Use format to specify a date type. When specifying a date type, use format to specify a date format:

PUT index_113
{
  "mappings": {
    "properties": {
      "date": {
        "type":   "date"."format": "yyyy-MM-dd HH:mm:ss||yyyy-MM-dd||epoch_millis"}}}}Copy the code

Numeric types

Elasticsearch provides a wide variety of formats for representing numeric types of different lengths:

Numeric types The length of the
long 64 – bit signed integer. Range: -2 to the 63rd to 2 to the 63rd to -1
integer 32 – bit signed integer. Range: -2 to the 31th to 2 to the 31th to -1
short 16 – bit signed integer. Range: -32768 to 32767
byte An 8-bit signed integer. Range: -128 to 127
double 64-bit double decimal
float 32-bit single precision decimal
half_float 16 digits single precision decimal
scaled_float Floating-point numbers with scaling factors are generally useful for storing data such as amounts. For example, 18.88 yuan with a scale factor of 100 will be indexed to 1888 (i.e. original * scale factor).
unsigned_long 64 – bit unsigned integer.
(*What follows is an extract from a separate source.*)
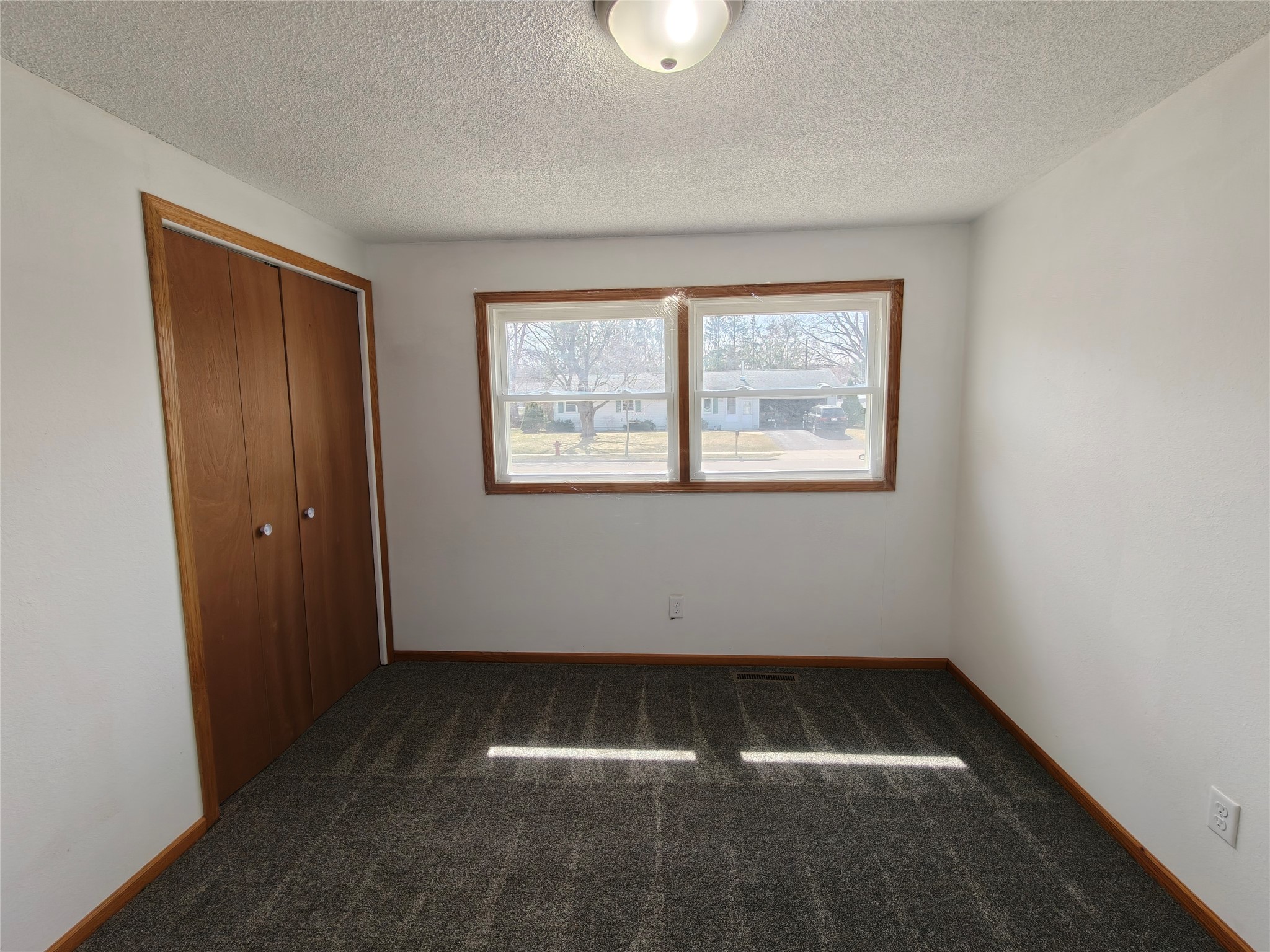 2212 Bartlett Avenue Property Photo 11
Range: 0 to 2 to the power of 64 minus 1

The definition is as follows:

PUT index_002
{
  "mappings": {
    "properties": {
      "number_of_bytes": {
        "type": "integer"
      },
      "time_in_seconds": {
        "type": "float"
      },
      "price": {
        "type": "scaled_float"."scaling_factor": 100}}}}Copy the code

Boolean type

Boolean types are simple, with only true and false:

PUT index_001
{
  "mappings": {
    "properties": {
      "is_published": {
        "type": "boolean"}}}}Copy the code

Other types of

In addition to the more common data types described above, Elasticsearch also has several advanced data types: Nested, geographic data types, IP types, etc.

conclusion

Elasticsearch supports dynamic mapping and display mapping. You can insert a data item into a temporary index and modify the existing mapping after the mapping is automatically generated. In particular, the text and keyword types should be considered. If full-text search and segmentation search are needed, the text type should be used. Keyword fields can be used in operations such as fuzzy keyword search or aggregated sorting.